ローテーブルにお茶請けとして置かれているフエンせんべいの包装は、ガラルに発つことが決まったあの頃のパッケージのままだ。きっと味もそうに違いない。見るでもなく見遣ってから、プレサンスはぽつぽつと振り返った。

「ああいうこと」……そもそも、夫婦のふるさとであるこのホウエンの地を久方ぶりに踏んだのは、あの「無敵のダンデ」との勝負を終えた数日後にカブがしてきた提案がきっかけだった。

確かに、あのバトルにカブは敗れた。とはいえ、若き覇者との忘れがたき一戦に夫は何やら大いに得るものがあったらしい。思い詰めていたような表情をしていることが多かった彼は、その晩家に帰るなり、憑き物が落ちたような顔で、照れながらプレサンスに言ったのだ(夕食の支度中だった彼女は、あまりにも驚いたので危うく嫁入り道具に持って来た皿を落とすところだった)。

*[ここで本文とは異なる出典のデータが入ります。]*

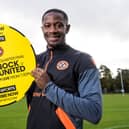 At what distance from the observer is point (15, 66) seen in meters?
2.62

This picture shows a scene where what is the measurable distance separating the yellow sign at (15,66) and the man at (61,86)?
0.08 metres

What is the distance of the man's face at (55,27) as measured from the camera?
8.73 ft

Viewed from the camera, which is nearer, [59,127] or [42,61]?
[59,127]

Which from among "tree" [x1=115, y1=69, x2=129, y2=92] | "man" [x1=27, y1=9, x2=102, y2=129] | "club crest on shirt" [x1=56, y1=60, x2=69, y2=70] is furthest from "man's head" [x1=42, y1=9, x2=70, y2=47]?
"tree" [x1=115, y1=69, x2=129, y2=92]

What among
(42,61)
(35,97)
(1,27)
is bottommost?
(35,97)

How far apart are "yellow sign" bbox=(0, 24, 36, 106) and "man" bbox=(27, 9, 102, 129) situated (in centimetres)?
8

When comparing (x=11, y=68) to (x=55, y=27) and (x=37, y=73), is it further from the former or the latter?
(x=55, y=27)

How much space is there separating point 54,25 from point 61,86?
1.18ft

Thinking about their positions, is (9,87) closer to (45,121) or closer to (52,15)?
(45,121)

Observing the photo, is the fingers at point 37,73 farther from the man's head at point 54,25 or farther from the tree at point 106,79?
the tree at point 106,79

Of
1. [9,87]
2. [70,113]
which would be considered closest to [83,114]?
[70,113]

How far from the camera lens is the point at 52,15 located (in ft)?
8.76

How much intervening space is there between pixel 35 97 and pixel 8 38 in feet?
1.24

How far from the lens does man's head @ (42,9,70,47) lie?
2662mm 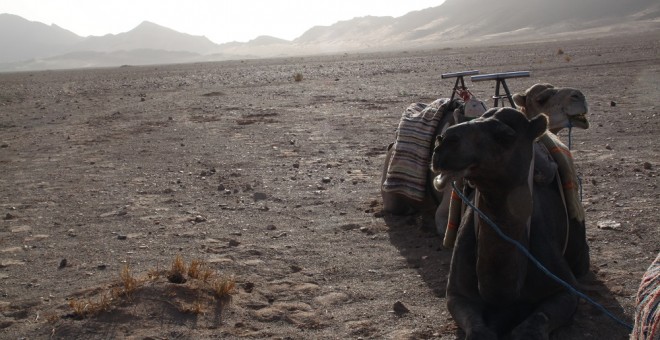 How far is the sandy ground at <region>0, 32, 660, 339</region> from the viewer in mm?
5156

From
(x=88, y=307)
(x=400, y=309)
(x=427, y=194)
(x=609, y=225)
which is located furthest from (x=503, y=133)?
(x=609, y=225)

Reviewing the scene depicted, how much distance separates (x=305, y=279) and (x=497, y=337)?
211 cm

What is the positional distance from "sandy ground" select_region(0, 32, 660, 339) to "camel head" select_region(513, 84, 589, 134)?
108cm

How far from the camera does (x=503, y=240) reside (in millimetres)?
4000

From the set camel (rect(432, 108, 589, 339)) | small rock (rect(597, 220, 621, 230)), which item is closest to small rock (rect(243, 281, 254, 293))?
camel (rect(432, 108, 589, 339))

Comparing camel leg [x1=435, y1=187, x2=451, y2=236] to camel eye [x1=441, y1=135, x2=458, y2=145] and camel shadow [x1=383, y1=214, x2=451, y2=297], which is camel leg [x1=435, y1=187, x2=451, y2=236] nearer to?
camel shadow [x1=383, y1=214, x2=451, y2=297]

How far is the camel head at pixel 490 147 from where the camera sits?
3.57 m

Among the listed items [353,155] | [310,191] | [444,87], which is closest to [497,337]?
[310,191]

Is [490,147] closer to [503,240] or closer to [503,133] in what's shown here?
[503,133]

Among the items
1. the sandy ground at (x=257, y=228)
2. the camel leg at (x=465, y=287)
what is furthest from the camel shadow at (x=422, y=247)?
the camel leg at (x=465, y=287)

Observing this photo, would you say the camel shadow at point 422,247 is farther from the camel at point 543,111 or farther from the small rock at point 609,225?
the small rock at point 609,225

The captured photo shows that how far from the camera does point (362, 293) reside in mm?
5629

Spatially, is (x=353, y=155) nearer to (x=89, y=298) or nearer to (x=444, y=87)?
(x=89, y=298)

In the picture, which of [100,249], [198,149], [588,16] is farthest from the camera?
[588,16] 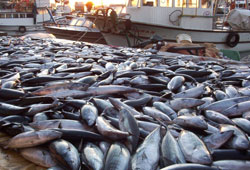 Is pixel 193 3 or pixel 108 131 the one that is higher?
pixel 193 3

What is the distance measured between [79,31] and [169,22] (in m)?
5.52

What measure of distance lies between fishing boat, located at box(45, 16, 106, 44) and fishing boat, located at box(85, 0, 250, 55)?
1630 mm

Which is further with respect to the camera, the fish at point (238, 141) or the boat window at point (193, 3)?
the boat window at point (193, 3)

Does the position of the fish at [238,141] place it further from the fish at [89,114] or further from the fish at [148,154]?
the fish at [89,114]

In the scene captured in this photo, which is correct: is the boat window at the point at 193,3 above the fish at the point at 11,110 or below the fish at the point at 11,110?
above

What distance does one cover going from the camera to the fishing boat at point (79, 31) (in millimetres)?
14750

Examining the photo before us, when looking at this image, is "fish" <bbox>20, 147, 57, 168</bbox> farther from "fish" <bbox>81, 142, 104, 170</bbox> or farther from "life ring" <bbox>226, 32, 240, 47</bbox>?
"life ring" <bbox>226, 32, 240, 47</bbox>

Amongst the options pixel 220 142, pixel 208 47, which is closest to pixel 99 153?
pixel 220 142

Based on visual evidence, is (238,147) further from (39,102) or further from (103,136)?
(39,102)

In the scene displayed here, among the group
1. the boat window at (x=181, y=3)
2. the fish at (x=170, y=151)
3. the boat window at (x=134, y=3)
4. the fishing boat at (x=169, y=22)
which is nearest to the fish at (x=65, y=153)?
the fish at (x=170, y=151)

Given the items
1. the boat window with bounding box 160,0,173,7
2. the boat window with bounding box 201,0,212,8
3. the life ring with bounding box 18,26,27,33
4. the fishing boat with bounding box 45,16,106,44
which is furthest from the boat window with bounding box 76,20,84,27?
the boat window with bounding box 201,0,212,8

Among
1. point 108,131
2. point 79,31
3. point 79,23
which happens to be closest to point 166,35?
point 79,31

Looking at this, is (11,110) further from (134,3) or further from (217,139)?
(134,3)

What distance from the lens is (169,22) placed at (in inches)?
493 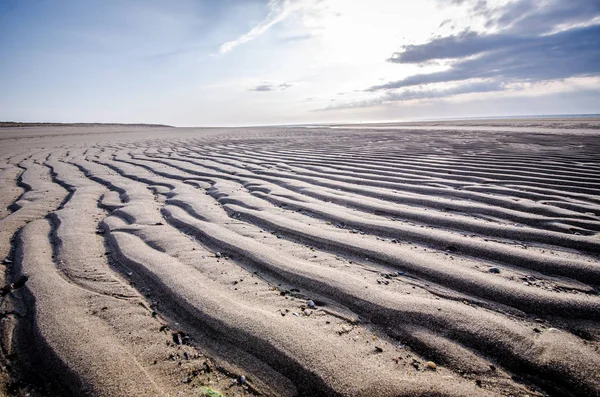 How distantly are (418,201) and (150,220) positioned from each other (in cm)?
217

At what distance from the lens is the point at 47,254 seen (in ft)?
5.95

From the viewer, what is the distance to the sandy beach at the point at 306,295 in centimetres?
100

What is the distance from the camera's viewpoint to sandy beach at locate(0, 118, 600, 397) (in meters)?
1.00

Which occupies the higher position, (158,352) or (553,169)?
(553,169)

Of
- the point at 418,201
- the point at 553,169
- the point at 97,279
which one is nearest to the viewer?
the point at 97,279

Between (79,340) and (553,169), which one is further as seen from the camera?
(553,169)

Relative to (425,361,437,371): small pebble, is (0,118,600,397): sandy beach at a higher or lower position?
higher

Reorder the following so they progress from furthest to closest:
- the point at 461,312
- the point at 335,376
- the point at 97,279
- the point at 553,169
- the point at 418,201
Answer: the point at 553,169, the point at 418,201, the point at 97,279, the point at 461,312, the point at 335,376

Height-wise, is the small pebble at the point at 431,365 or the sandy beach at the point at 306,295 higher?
the sandy beach at the point at 306,295

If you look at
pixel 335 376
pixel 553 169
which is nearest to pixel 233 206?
pixel 335 376

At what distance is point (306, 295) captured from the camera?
1.43 metres

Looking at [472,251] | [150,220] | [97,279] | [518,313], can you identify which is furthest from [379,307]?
[150,220]

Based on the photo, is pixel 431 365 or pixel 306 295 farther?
pixel 306 295

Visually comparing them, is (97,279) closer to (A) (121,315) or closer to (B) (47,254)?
(A) (121,315) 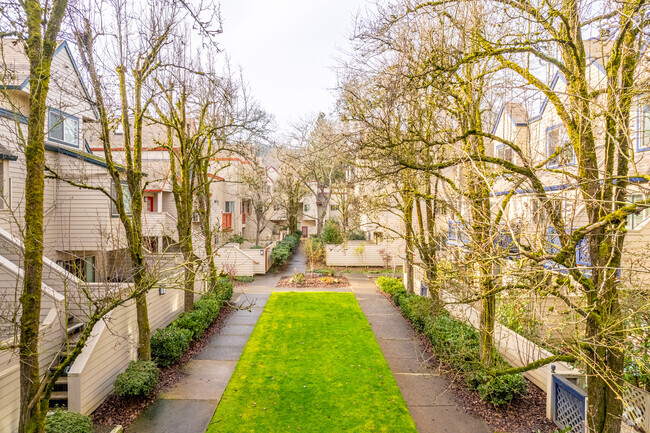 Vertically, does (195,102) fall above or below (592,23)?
above

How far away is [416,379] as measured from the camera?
9727 mm

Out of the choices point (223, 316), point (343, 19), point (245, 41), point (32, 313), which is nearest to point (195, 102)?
point (245, 41)

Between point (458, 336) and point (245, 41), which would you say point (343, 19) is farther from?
point (458, 336)

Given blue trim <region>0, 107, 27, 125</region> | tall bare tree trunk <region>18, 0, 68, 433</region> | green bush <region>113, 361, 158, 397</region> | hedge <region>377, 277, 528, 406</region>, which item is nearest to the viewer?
tall bare tree trunk <region>18, 0, 68, 433</region>

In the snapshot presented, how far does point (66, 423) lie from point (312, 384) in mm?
5069

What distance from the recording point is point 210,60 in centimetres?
1583

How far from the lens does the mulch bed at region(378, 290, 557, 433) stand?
739 centimetres

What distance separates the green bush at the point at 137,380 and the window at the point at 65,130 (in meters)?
9.41

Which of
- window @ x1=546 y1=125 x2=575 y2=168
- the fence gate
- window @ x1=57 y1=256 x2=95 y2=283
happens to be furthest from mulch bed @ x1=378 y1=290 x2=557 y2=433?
window @ x1=57 y1=256 x2=95 y2=283

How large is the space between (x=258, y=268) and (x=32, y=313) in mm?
19799

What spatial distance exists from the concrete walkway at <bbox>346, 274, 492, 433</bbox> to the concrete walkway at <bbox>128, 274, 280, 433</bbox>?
436 cm

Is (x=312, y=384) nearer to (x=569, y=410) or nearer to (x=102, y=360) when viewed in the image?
(x=102, y=360)

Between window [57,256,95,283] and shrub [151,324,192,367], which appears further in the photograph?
shrub [151,324,192,367]

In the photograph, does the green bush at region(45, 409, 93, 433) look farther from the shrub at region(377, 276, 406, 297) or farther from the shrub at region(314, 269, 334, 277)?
the shrub at region(314, 269, 334, 277)
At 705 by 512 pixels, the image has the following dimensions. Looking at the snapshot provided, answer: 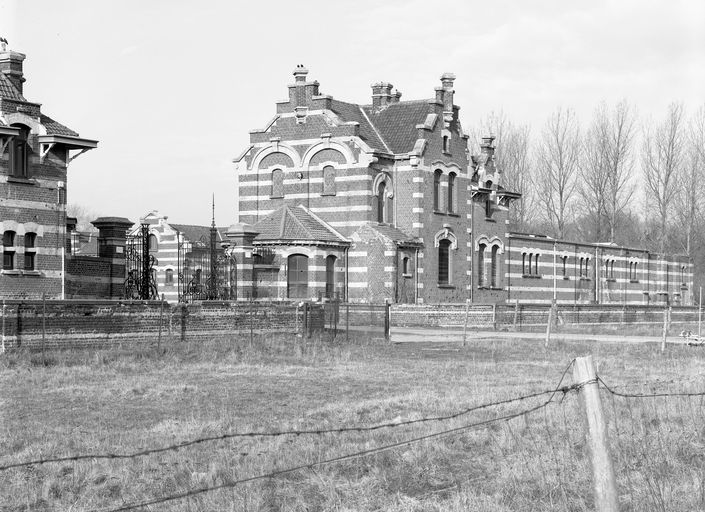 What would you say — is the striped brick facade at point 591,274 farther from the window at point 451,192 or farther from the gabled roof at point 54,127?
the gabled roof at point 54,127

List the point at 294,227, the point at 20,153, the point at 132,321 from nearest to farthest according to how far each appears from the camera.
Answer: the point at 132,321, the point at 20,153, the point at 294,227

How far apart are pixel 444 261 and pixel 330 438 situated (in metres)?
38.9

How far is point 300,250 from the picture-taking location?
149 feet

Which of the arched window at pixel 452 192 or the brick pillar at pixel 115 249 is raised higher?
the arched window at pixel 452 192

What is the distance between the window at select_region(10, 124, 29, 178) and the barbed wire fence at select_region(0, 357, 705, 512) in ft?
74.2

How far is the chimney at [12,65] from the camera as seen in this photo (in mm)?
34250

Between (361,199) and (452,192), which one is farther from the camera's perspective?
(452,192)

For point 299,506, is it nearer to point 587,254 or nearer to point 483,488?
point 483,488

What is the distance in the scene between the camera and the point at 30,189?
33438 millimetres

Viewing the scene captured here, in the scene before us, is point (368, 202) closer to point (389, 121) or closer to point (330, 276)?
point (330, 276)

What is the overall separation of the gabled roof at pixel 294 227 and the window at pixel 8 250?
1356cm

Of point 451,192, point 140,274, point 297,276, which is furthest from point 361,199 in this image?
point 140,274

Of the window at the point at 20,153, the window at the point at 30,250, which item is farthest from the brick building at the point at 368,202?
the window at the point at 20,153

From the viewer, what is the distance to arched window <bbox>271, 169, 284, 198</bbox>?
49.0 meters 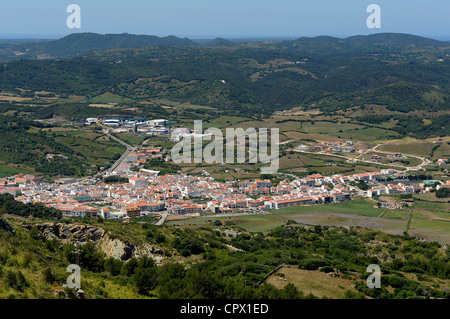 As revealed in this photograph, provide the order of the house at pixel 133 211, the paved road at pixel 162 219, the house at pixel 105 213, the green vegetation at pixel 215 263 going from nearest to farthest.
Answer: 1. the green vegetation at pixel 215 263
2. the paved road at pixel 162 219
3. the house at pixel 105 213
4. the house at pixel 133 211

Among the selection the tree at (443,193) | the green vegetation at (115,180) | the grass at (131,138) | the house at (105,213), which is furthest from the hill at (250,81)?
the house at (105,213)

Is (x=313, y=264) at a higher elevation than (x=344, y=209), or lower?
higher

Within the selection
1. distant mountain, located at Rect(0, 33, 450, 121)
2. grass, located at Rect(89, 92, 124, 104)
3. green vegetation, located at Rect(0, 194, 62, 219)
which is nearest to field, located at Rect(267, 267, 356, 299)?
green vegetation, located at Rect(0, 194, 62, 219)

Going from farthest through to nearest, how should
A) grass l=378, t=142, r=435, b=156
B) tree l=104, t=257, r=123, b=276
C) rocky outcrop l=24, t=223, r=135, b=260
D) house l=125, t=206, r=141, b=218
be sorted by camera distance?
grass l=378, t=142, r=435, b=156, house l=125, t=206, r=141, b=218, rocky outcrop l=24, t=223, r=135, b=260, tree l=104, t=257, r=123, b=276

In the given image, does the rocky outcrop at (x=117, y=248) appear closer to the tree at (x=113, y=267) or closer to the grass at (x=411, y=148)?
the tree at (x=113, y=267)

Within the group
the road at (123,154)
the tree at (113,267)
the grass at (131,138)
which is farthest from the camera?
the grass at (131,138)

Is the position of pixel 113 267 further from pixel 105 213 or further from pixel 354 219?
pixel 354 219

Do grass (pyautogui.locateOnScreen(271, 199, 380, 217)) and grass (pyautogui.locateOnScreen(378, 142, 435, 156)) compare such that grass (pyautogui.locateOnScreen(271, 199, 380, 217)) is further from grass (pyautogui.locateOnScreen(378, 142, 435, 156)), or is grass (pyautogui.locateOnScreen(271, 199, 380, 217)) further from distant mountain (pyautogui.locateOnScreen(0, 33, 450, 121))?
distant mountain (pyautogui.locateOnScreen(0, 33, 450, 121))

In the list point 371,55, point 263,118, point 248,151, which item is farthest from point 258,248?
point 371,55

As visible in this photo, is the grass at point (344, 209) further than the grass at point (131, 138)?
No

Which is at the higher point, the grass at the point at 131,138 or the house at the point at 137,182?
the grass at the point at 131,138

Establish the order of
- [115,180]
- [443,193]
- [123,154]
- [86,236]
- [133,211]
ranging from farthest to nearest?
[123,154], [115,180], [443,193], [133,211], [86,236]

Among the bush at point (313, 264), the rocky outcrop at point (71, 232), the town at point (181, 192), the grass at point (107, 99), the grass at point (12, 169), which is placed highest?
the grass at point (107, 99)

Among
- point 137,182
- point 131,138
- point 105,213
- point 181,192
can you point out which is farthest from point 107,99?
point 105,213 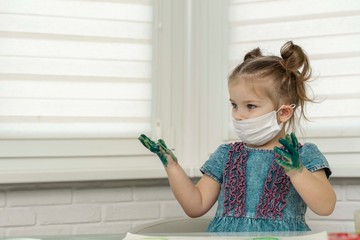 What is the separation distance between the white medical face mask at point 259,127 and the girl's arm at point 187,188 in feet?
0.62

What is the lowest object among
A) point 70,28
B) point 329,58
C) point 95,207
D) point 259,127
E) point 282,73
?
point 95,207

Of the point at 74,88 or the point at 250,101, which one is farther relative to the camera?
the point at 74,88

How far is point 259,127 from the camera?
5.06 feet

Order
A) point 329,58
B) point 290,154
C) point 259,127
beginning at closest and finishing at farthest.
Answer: point 290,154
point 259,127
point 329,58

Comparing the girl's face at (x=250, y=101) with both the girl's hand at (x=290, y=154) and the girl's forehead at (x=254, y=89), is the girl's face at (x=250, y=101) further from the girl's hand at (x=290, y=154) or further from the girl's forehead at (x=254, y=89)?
the girl's hand at (x=290, y=154)

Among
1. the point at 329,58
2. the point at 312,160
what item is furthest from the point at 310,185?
the point at 329,58

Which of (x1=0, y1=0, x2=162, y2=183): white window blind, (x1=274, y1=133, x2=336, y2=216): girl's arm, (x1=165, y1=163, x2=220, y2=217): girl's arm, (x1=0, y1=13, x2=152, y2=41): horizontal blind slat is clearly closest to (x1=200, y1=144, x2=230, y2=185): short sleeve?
(x1=165, y1=163, x2=220, y2=217): girl's arm

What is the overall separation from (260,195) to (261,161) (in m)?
0.09

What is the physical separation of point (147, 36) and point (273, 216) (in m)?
0.93

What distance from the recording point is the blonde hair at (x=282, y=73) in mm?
1574

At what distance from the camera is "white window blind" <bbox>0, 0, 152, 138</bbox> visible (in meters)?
2.01

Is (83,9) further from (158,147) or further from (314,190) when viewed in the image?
(314,190)

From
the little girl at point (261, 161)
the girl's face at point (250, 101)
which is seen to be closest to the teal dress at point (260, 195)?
the little girl at point (261, 161)

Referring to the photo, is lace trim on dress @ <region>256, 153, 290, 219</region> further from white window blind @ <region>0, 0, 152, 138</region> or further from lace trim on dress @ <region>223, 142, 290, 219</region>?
white window blind @ <region>0, 0, 152, 138</region> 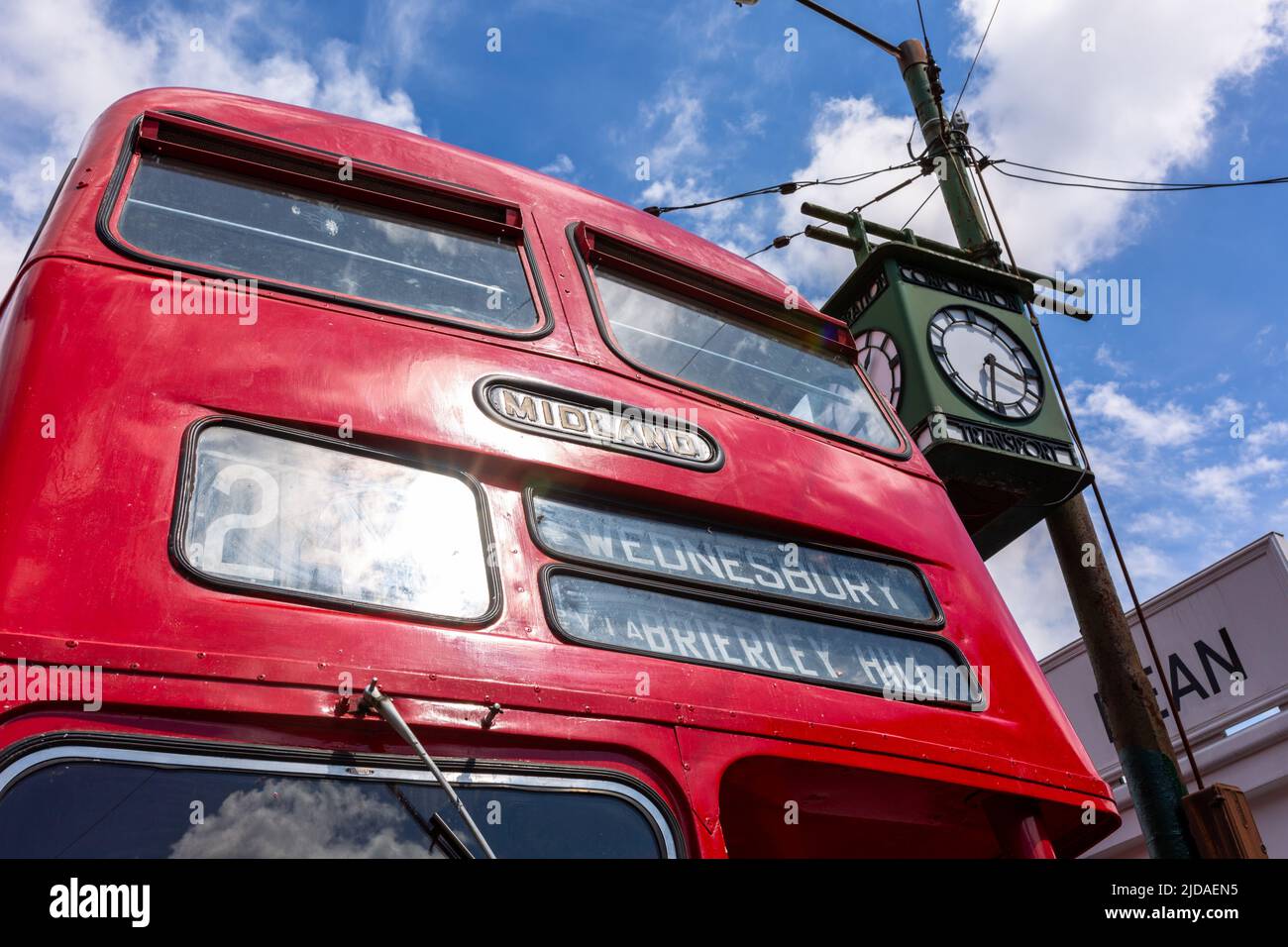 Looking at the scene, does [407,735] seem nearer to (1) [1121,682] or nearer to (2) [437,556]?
(2) [437,556]

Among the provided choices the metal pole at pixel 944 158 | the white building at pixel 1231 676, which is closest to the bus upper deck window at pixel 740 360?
the metal pole at pixel 944 158

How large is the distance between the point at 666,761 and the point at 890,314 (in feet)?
13.0

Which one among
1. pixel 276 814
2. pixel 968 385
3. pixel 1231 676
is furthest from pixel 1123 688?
pixel 1231 676

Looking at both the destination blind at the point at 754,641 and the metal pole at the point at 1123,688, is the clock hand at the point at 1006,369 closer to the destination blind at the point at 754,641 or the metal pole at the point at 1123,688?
the metal pole at the point at 1123,688

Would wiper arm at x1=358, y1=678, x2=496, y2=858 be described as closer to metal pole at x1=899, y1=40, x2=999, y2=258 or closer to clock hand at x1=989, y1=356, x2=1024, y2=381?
clock hand at x1=989, y1=356, x2=1024, y2=381

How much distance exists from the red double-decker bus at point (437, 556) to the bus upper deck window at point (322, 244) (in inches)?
0.5

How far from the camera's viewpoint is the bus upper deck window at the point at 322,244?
2.97 m

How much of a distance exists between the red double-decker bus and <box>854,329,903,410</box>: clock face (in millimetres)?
1710

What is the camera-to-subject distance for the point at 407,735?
1955 millimetres

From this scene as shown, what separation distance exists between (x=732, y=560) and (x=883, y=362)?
3151 mm

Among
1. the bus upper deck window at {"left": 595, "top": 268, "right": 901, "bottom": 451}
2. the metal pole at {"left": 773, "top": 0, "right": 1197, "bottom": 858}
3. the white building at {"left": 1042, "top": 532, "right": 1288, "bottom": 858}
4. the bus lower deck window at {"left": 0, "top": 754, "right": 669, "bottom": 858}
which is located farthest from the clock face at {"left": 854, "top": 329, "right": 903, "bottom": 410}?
the white building at {"left": 1042, "top": 532, "right": 1288, "bottom": 858} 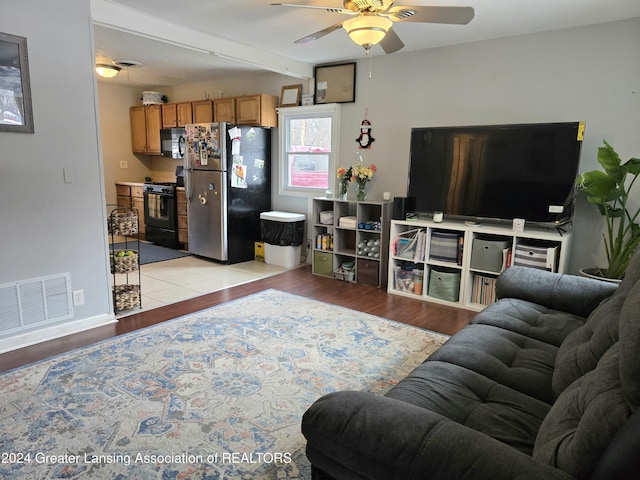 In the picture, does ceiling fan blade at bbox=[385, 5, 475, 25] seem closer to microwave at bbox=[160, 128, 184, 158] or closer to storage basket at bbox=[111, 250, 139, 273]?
storage basket at bbox=[111, 250, 139, 273]

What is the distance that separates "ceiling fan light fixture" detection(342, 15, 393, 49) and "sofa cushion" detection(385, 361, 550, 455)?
6.67 feet

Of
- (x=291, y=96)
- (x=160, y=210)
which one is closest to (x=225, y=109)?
(x=291, y=96)

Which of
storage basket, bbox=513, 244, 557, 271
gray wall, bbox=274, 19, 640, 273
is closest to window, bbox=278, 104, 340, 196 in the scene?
gray wall, bbox=274, 19, 640, 273

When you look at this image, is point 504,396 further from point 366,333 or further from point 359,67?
point 359,67

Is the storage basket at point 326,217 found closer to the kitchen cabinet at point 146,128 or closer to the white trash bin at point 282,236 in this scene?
the white trash bin at point 282,236

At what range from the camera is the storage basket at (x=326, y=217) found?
476cm

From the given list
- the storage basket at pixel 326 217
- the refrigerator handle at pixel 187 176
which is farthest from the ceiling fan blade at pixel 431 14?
the refrigerator handle at pixel 187 176

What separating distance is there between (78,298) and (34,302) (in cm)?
29

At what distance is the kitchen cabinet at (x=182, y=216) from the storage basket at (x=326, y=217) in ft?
7.21

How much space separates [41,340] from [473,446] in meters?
3.05

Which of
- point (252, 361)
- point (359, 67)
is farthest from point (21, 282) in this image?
point (359, 67)

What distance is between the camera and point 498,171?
3.64m

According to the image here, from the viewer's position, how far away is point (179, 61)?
4914 millimetres

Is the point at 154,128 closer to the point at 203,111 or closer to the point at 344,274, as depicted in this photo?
the point at 203,111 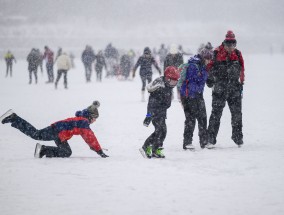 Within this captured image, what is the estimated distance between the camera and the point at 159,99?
24.8 feet

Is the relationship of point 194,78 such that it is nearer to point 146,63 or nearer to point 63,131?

「プレサンス。ぼくはこれからの再出発のために、いまいちど原点に立ち返って、ホウエンを巡りたいと思うんだ。ぼくらの、出発点に。それで、その……一緒にまたついてきて、くれるかい」

そんなこんなで、カブとプレサンスはジムチャレンジのオフシーズンにホウエン地方を巡ろうということにして、まずはこのフエンタウンの温泉宿に投宿したのだった。


前もっての相談も無く、ある日突然「ガラル地方のポケモンリーグにジムリーダーとして招かれた、可能性を試したいから応じることに決めて正式に承諾の返事をした」とカブに言われたのは、もう十数年前。プレサンスが彼と結婚して数年後のことだった。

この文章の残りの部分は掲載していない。